**Task statement**
Each record must be written out again exactly. Skip any picture it contains.

**Extracted entries**
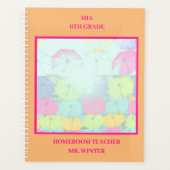 Paraplu's Sinaasappel Kleurrijke School Classroom Planner (Voorkant)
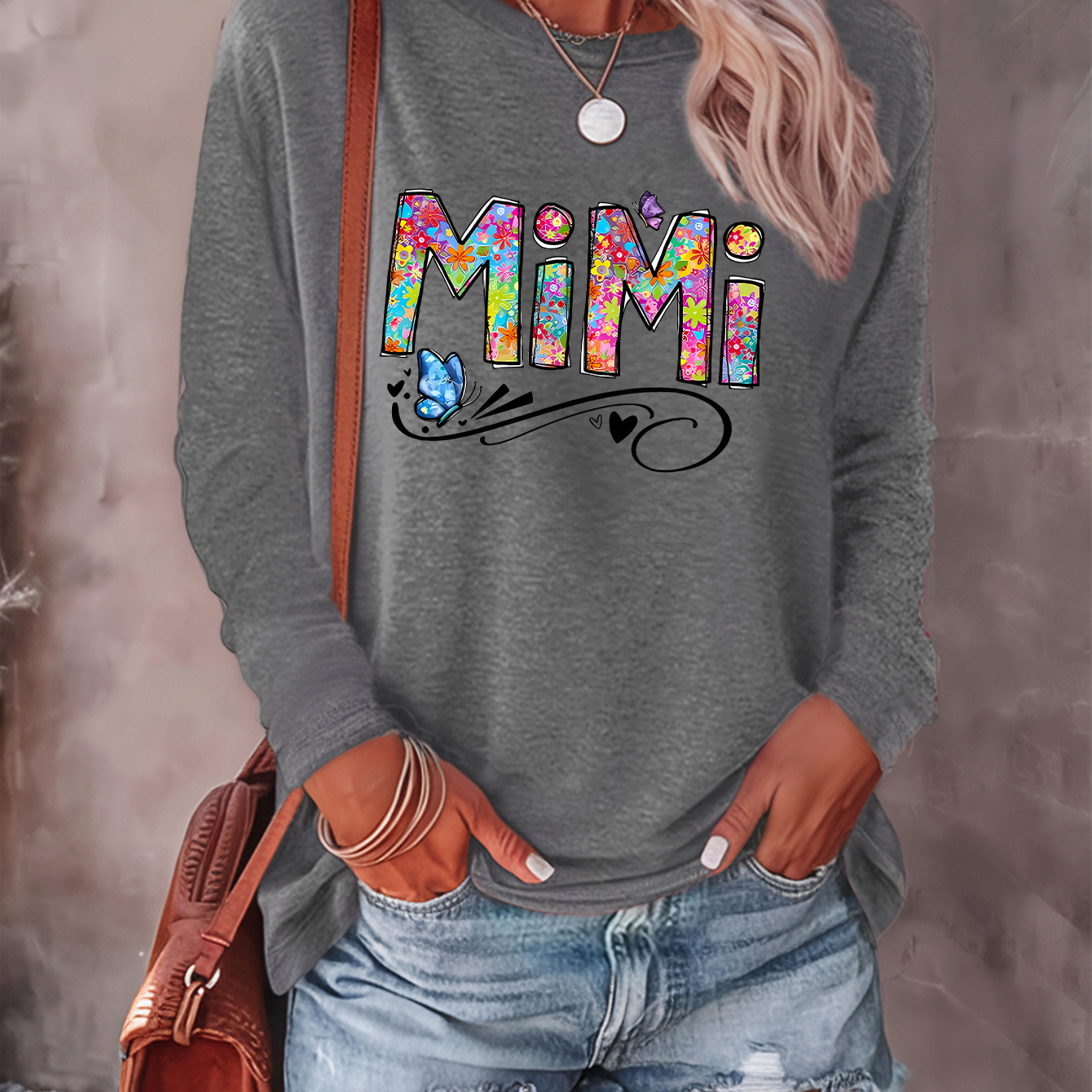 

Mimi Print T-shirt, Long Sleeve Crew Neck Casual Top For Spring & Fall, Women's Clothing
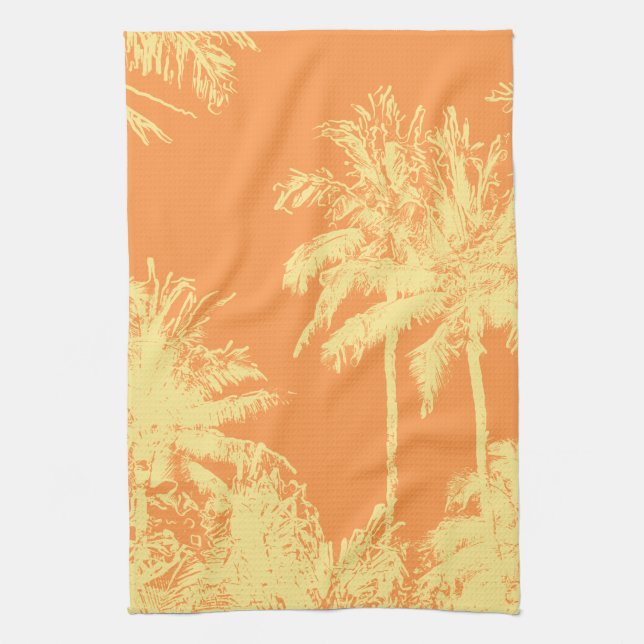 Paño De Cocina Macena Beach Hawaiian Sketchy Palms (Vertical)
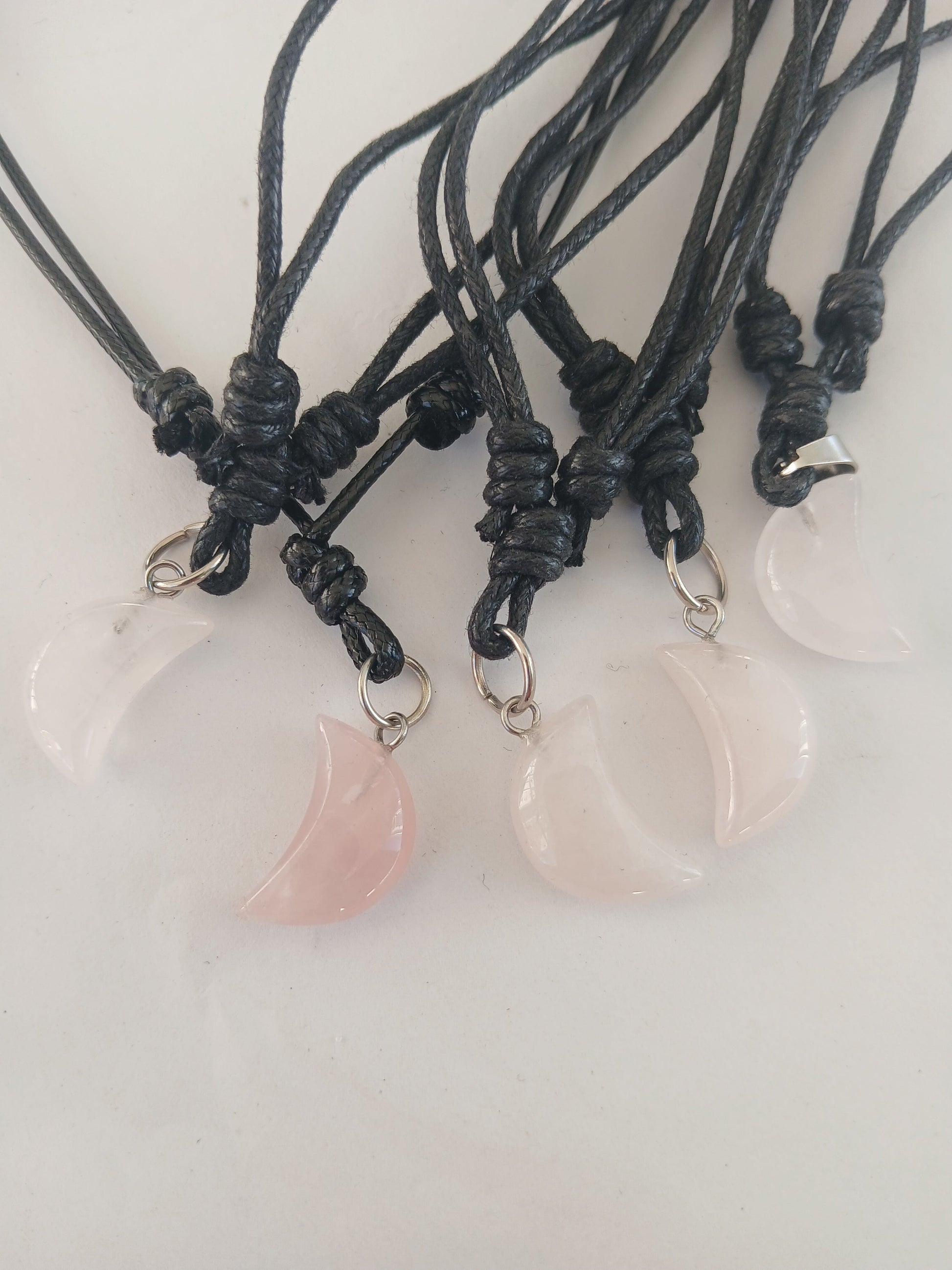 Crescent moon charm Rose Quartz crystal gemstone pendant necklace  adjustable neck cord and choker jewellery for unisex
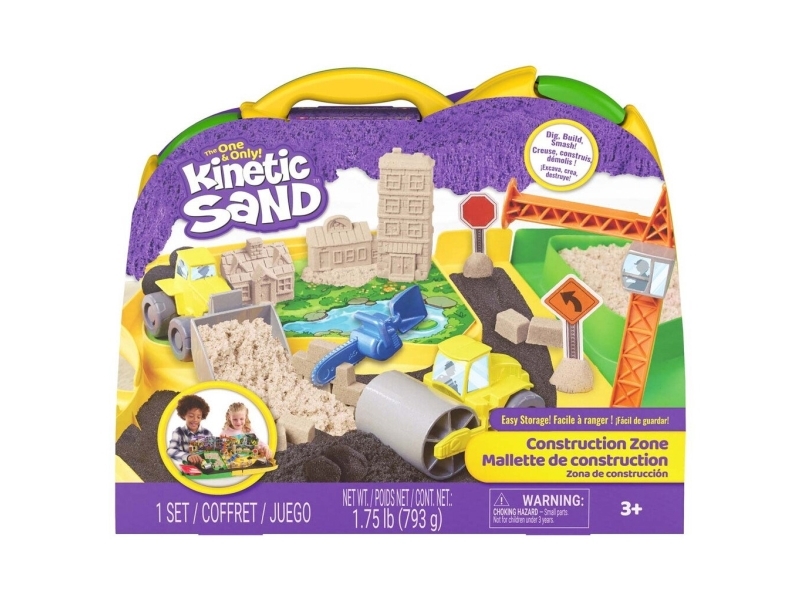 Kinetic Sand , Construction Zone Playset With Over 1Lb Of Moldable Play Sand And 2 Toy Trucks, Crane, Storage Case And Tools, Sandbox Construction To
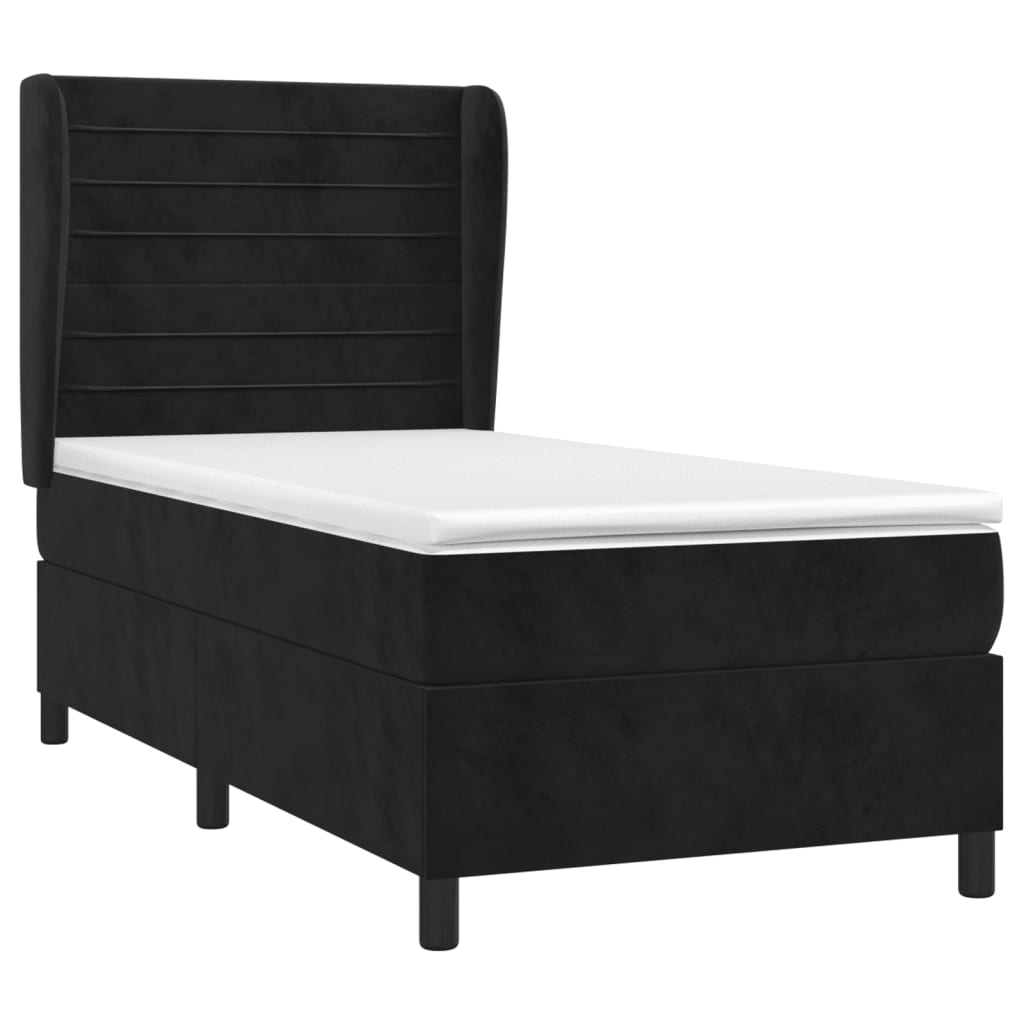 Sommier à lattes de lit avec matelas Noir 90x190 cm Velours - XIOS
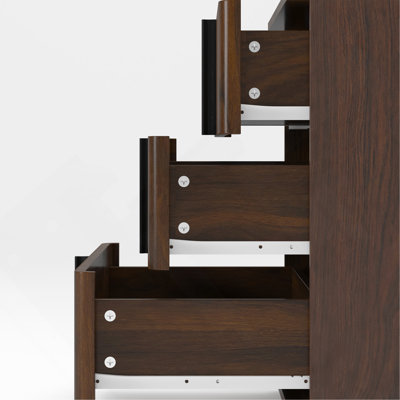 Table de chevet rétro à 3 tiroirs cannelés de 64,5 cm (lot de 2), noyer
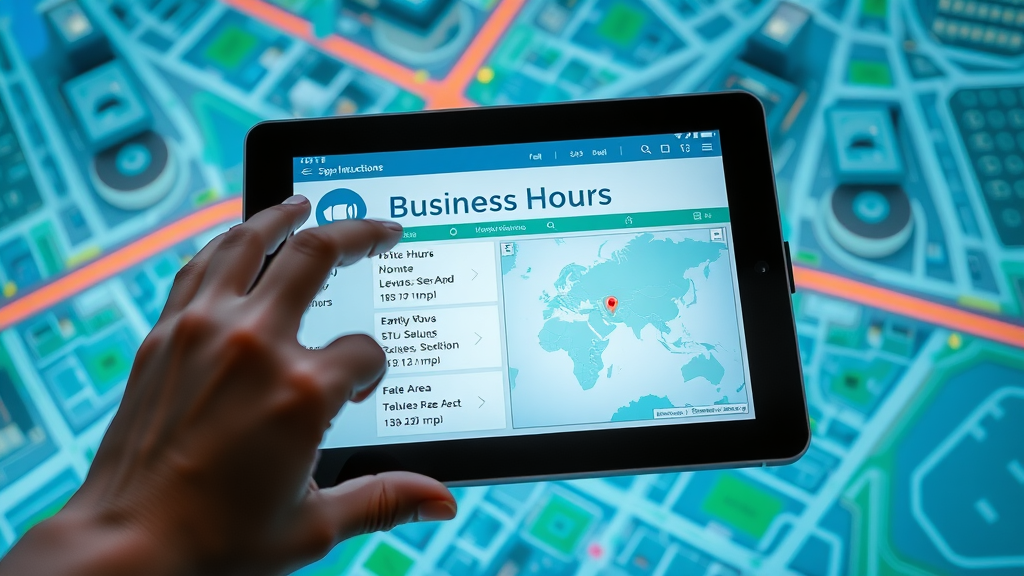 modern tablet screen displaying business hours and service area map, accurate business information, local service area optimization for Google Business Profile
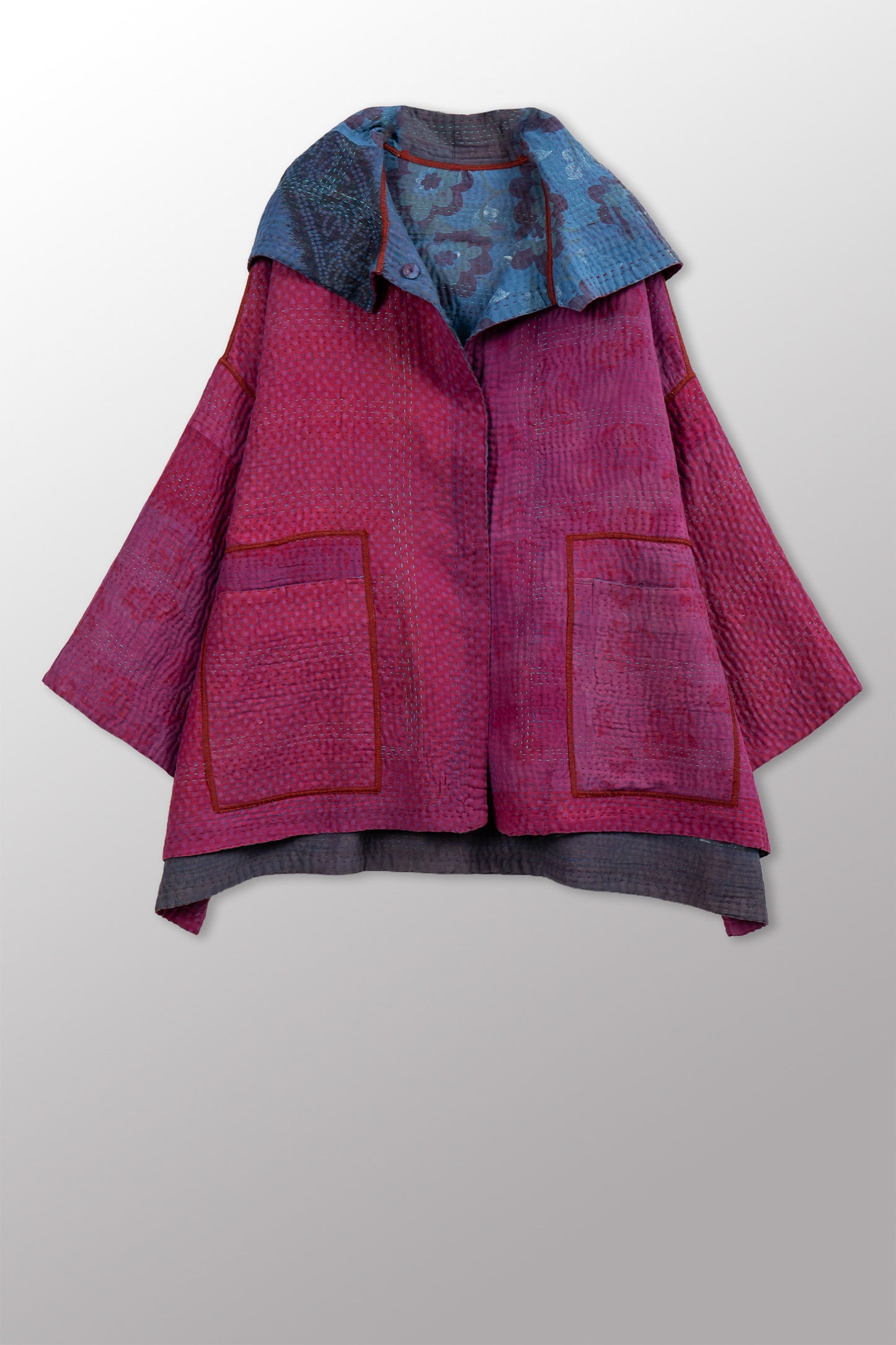 COTTON OVERDYE KANTHA HOODIE PONCHO - ov4064-cfus012a -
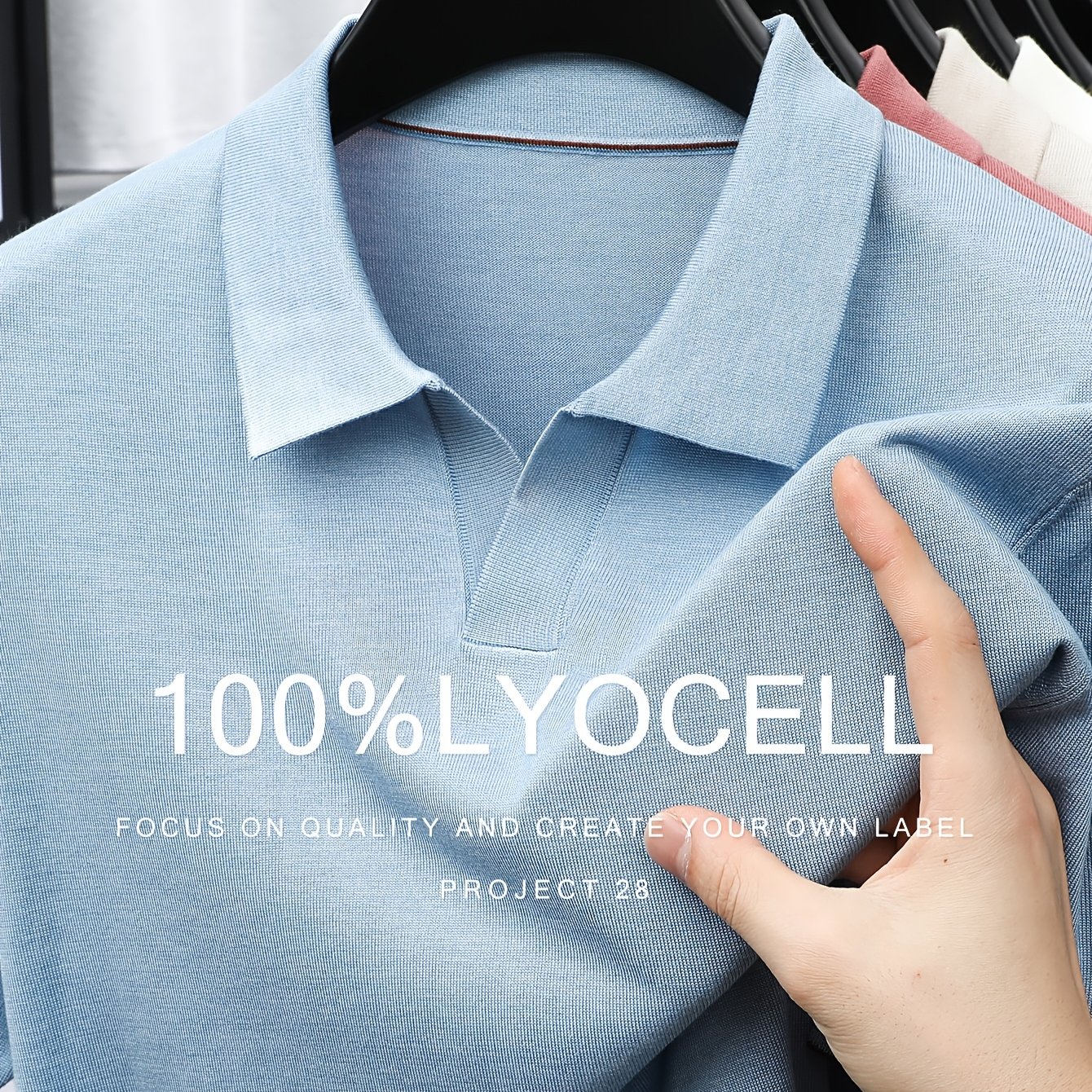 TEMU 100% Fiber Natural Healthy Fabric High-quality Light Luxury Men's Short Sleeve Seagull Collar Turtleneck Knit Shirt Fashion Casual Suitable For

**Result of the task**
 Paraplu's Sinaasappel Kleurrijke School Classroom Planner (Voorkant)

Mimi Print T-shirt, Long Sleeve Crew Neck Casual Top For Spring & Fall, Women's Clothing
 Paño De Cocina Macena Beach Hawaiian Sketchy Palms (Vertical)
 Crescent moon charm Rose Quartz crystal gemstone pendant necklace  adjustable neck cord and choker jewellery for unisex
 Kinetic Sand , Construction Zone Playset With Over 1Lb Of Moldable Play Sand And 2 Toy Trucks, Crane, Storage Case And Tools, Sandbox Construction To
 Sommier à lattes de lit avec matelas Noir 90x190 cm Velours - XIOS
 Table de chevet rétro à 3 tiroirs cannelés de 64,5 cm (lot de 2), noyer
 modern tablet screen displaying business hours and service area map, accurate business information, local service area optimization for Google Business Profile
 COTTON OVERDYE KANTHA HOODIE PONCHO - ov4064-cfus012a -
 TEMU 100% Fiber Natural Healthy Fabric High-quality Light Luxury Men's Short Sleeve Seagull Collar Turtleneck Knit Shirt Fashion Casual Suitable For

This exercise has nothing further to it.